More than 300 people are feared dead after winds of up to 170 kilometres per hour — accompanied by heavy rains — swept buildings in Chipinge and Chimanimani, triggering landslides and causing floods. Roads and bridges were swept away by the powerful cyclone which did not spare people’s homes.
On Tuesday, Chamisa — leader of the MDC — said since it was clear that a natural disaster was on its way, government should have acted much-much earlier to save lives. The 40-year-old lawyer said what did not help matters was that help took long to reach victims of the cyclone due to the country’s poor infrastructure and unplanned settlements, especially in rural areas.
“The response of the people was better than the response of the State which came like an afterthought when cyclones are a scientific phenomenon whose formation and trajectory can be detected and forecast. Although we all saw the cyclone coming, the State did little to warn and remove people from harm’s way.
“With the advent of climate change, cyclones have become regular in our part of the world.
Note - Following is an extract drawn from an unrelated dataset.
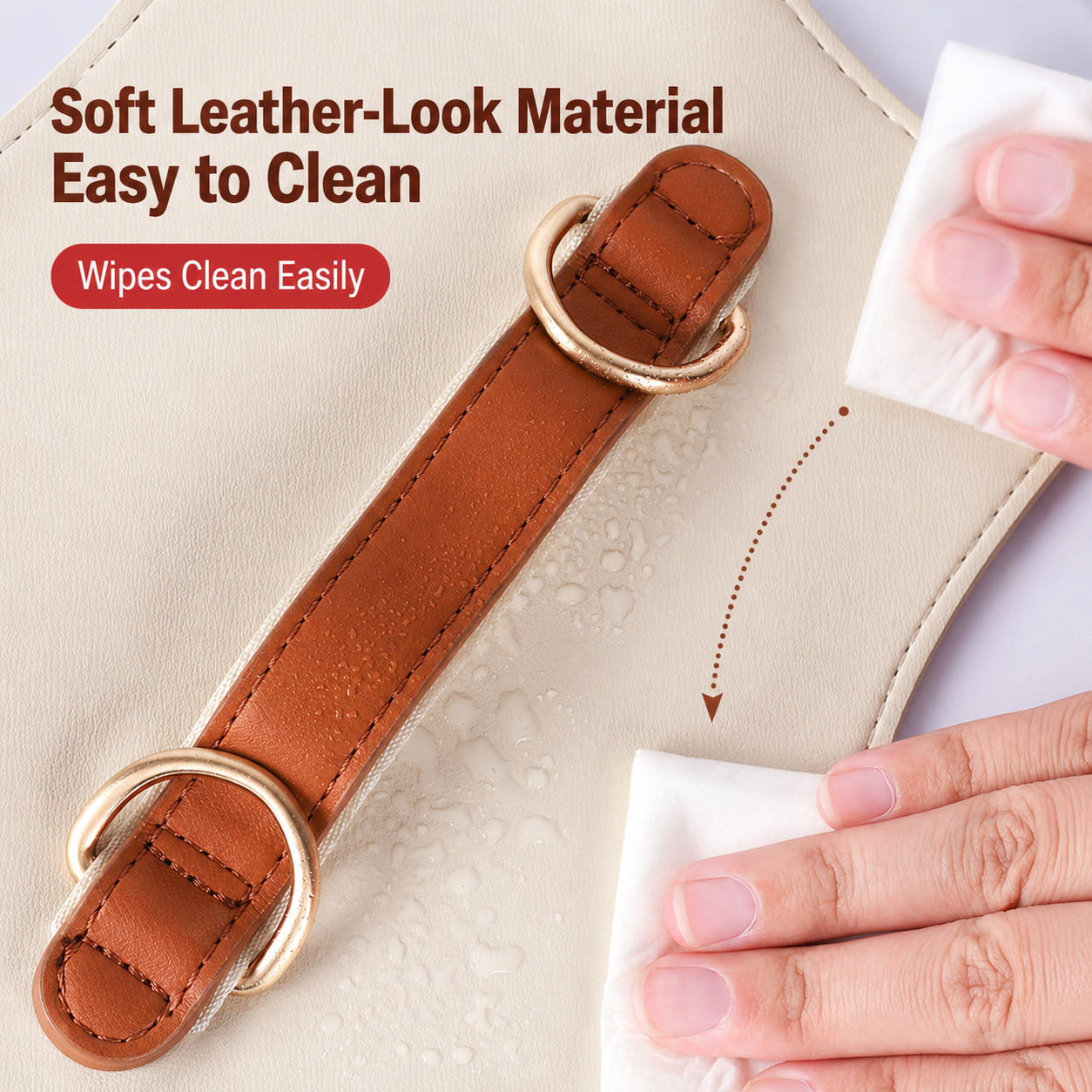 Adjustable Leather-Look Dog Harness with Control Handle, Matching Leash & Collar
Citizens would have thought by now the State has learnt something about how to save lives and to protect the people during these deadly cyclones.
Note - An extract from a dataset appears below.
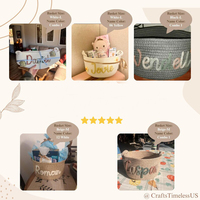 Ensemble de paniers de rangement en corde de coton personnalisés, faits main au crochet, organisateur de jouets avec nom, taille/couleur personnalisable, pour chambre de bébé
The sad reality is that the disaster preparedness of the entire infrastructure of the State is itself a disaster. Indeed, devastation caused by Idai, especially the tragic loss of life, has exposed the clear and present danger that the State itself is a disaster,” said Chamisa.
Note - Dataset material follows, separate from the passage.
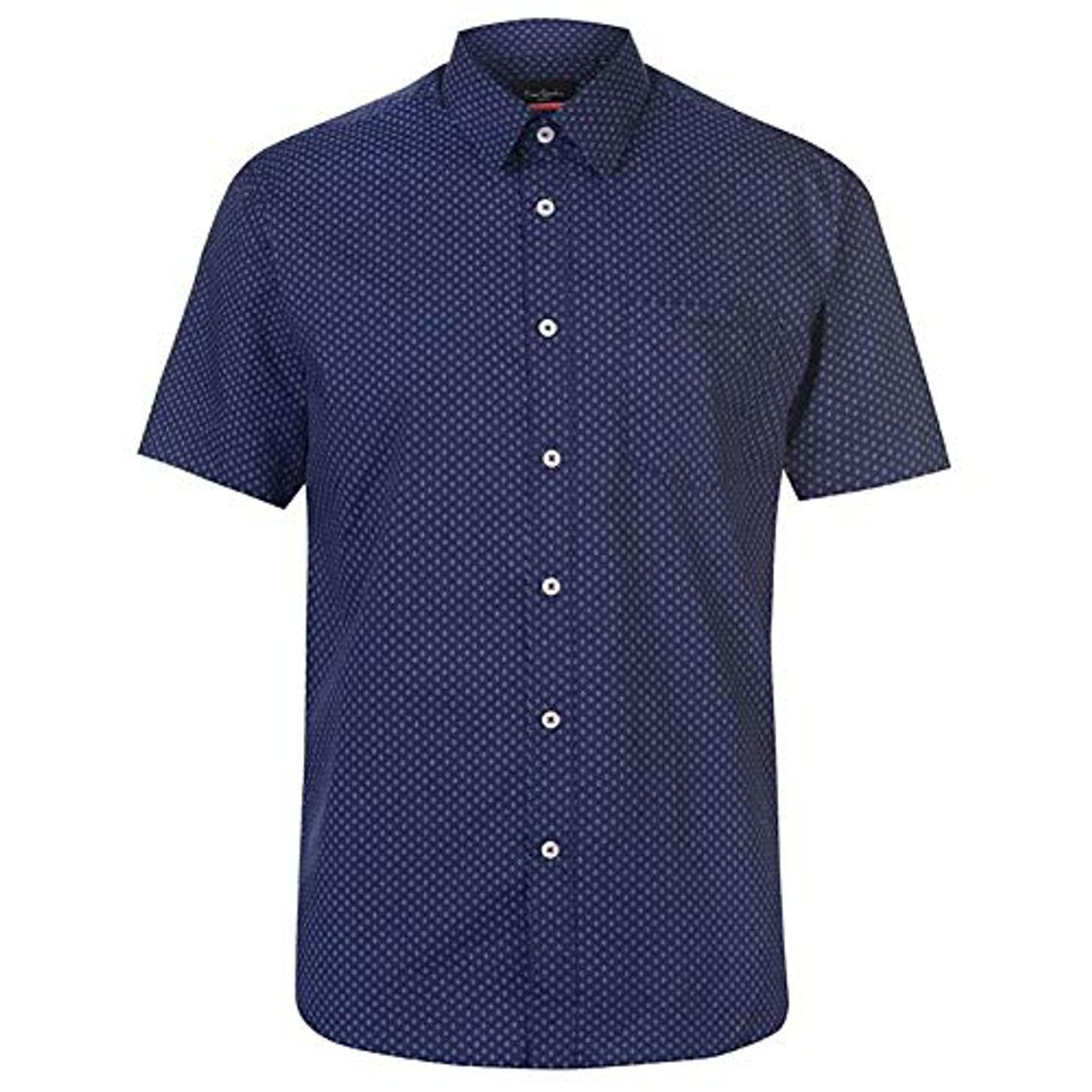 Pierre Cardin Hombre Camisa Estampada de Manga Corta con Bordado de Firma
Defence minister Oppah Muchinguri-Kashiri early this week admitted that government’s response in the face of the cyclone that has left a trail of destruction in Zimbabwe, Mozambique and Malawi, was slow.
“We had heard that floods were coming and a cyclone, but we had not moved or done anything to help ourselves.
I think we as people of Manicaland (province) have learnt a lesson and next time we will protect lives and urge people to move knowing what will happen, and we move into camps together with the government’s help,” she said after visiting victims of the floods.
President Emmerson Mnangagwa, who toured the area on Tuesday, has declared the devastating cyclone a national disaster.
On Tuesday, deputy minister of Information, Publicity and Broadcasting Services Energy Mutodi said government has done everything it can to contain the natural disaster that has left over a 1 000 people homeless and destroyed food stocks.
“…Mnangagwa has done what a reasonable Head of State and government would do in the face of Cyclone Idai. He cut short his United Arab Emirates trip, set up a Cabinet team to assess the damage, deployed the army to rescue survivors and will today (Tuesday) tour the affected areas,” Mutodi said on Tuesday.
But Chamisa said the problem is not about the current response but rather the state of the country’s roads and other infrastructural facilities that are in a state of disrepair and a nascent danger to users. “Most of our road infrastructure and bridges are substandard and of poor workmanship.
What we want here is a national infrastructure plan for the whole country spanning into 20 to 50 years that speaks to national focus on … roads and rail networks, bridges and bullet trains,” said the MDC leader. Chamisa described the haphazard settlements in the countryside as a ticking time bomb, calling for an integrated national settlement plan for rural areas.
“We must put in place effective disaster preparedness and early warning systems to be put in place through a revamp of the current inadequate mechanisms.
“We need an accelerated industrialisation and urbanisation upon an integrated upgrade of rural facilities to state-of-the-art level in health, energy, communication and housing,” said Chamisa.